Mr Hogan said, in his experience, tax effect accounting is not universally adopted at the moment, with only a “50-50 split between those that use tax effect accounting and those that don’t”.
ATO assistant commissioner Kasey MacFarlane agreed that the CGT relief and the potential deferred capital gains may encourage some SMSF trustees to adopt tax effect accounting if they’re not already using it.
“In our observations, the use of tax effect accounting is not universal and that’s probably not surprising given that the accounting standards don’t prescribe the taxation accounting method that needs to be used by SMSFs.
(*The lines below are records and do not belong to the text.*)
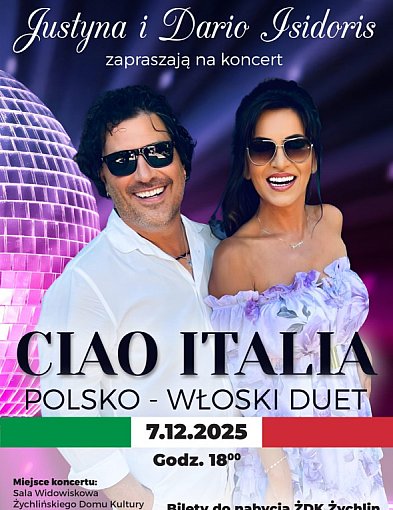 Duet Justyna & Dario Isidoris zaśpiewa w Żychlinie-71918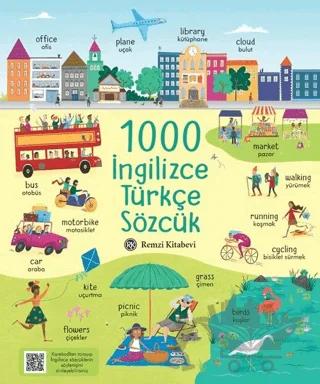 1000 İngilizce Türkçe Sözcük
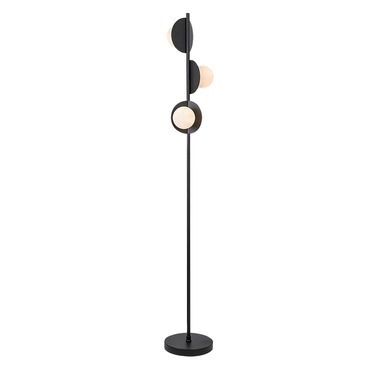 Stojací lampa Jules černá G9 3×5W RABALUX 74223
Similarly, the ATO doesn’t have any regulatory power or obligation to compel an SMSF to adopt particular accounting methodologies,” Ms MacFarlane said.
Regardless of the accounting method the SMSF is using, the key point around the CGT relief, is that “it is incumbent upon the trustee to maintain records in accordance with the usual CGT record keeping requirements about the particular assets which they have elected to apply CGT relief to, as well as the details of any applicable deferred gains,” she said.
“I think that’s really the critical point, that regardless of the accounting method for tax purposes, those records will need to be kept and that will be critical.”